EXERCISE DETAILS →
Find the line that holds "LilyPod Villa" in the material below. Output that line and each one after it exactly, but not the pictures.

• • • •

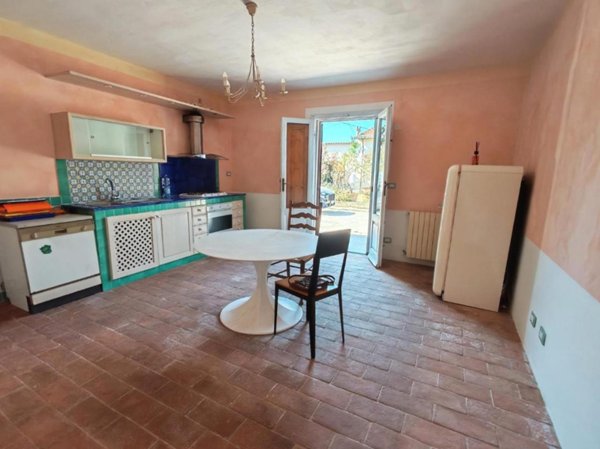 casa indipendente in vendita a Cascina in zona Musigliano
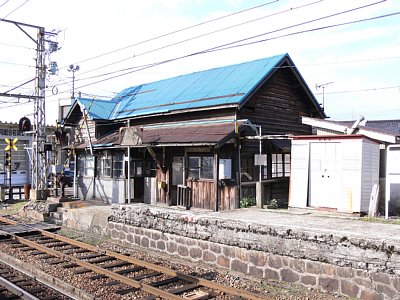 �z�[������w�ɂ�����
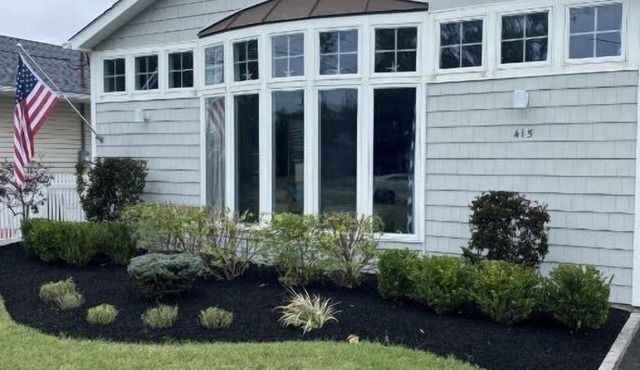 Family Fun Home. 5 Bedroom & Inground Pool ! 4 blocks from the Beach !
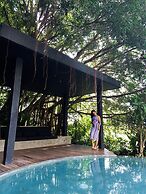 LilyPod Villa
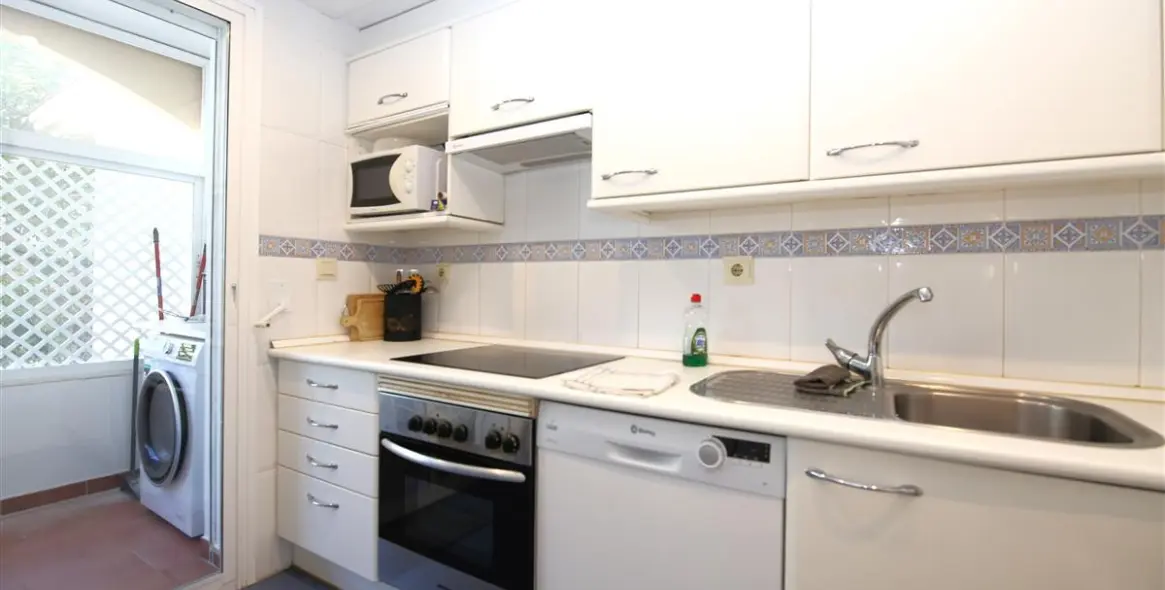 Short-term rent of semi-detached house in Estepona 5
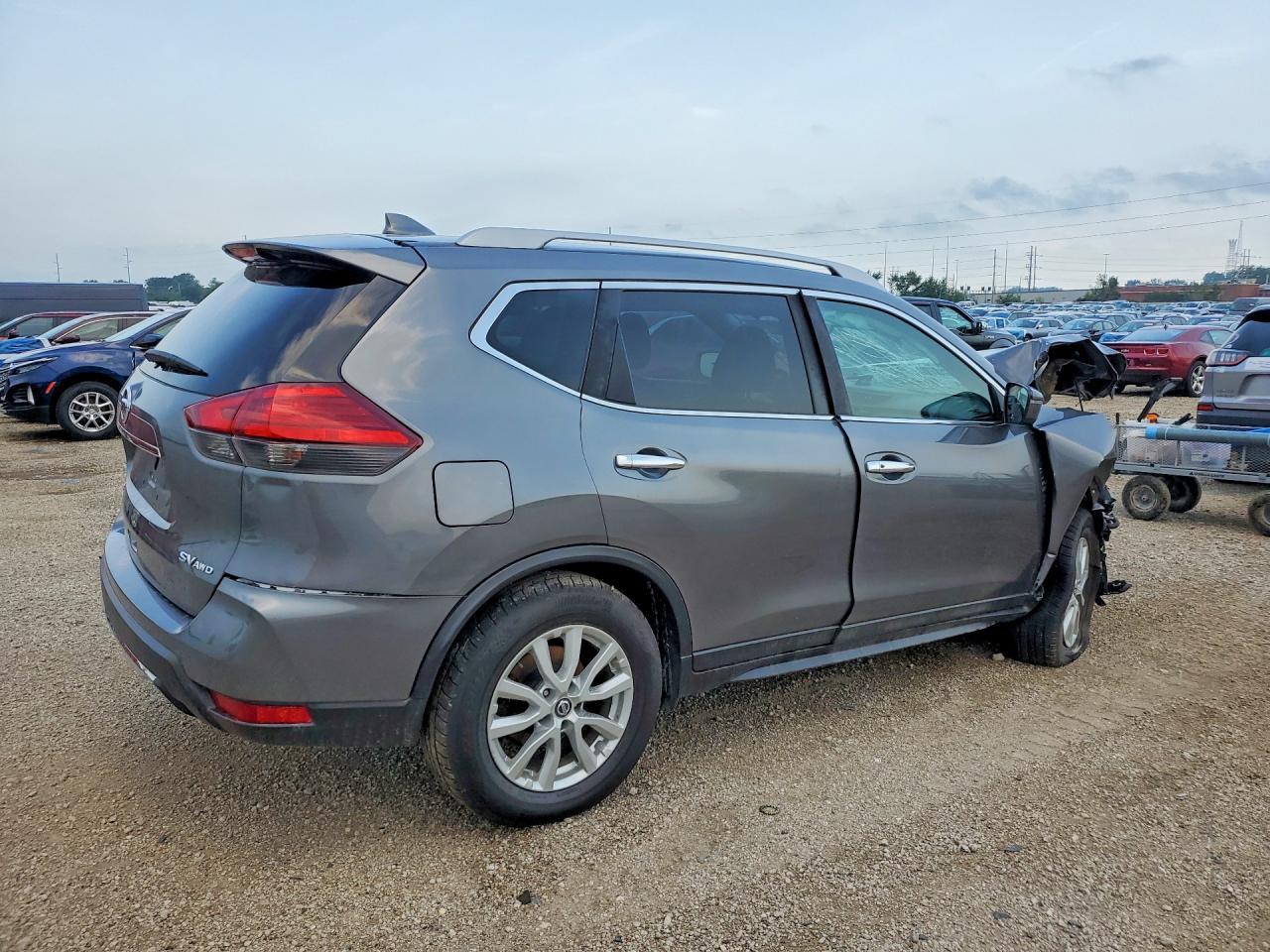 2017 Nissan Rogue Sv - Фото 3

• • • •

FINISHED EXERCISE →
 LilyPod Villa
 Short-term rent of semi-detached house in Estepona 5
 2017 Nissan Rogue Sv - Фото 3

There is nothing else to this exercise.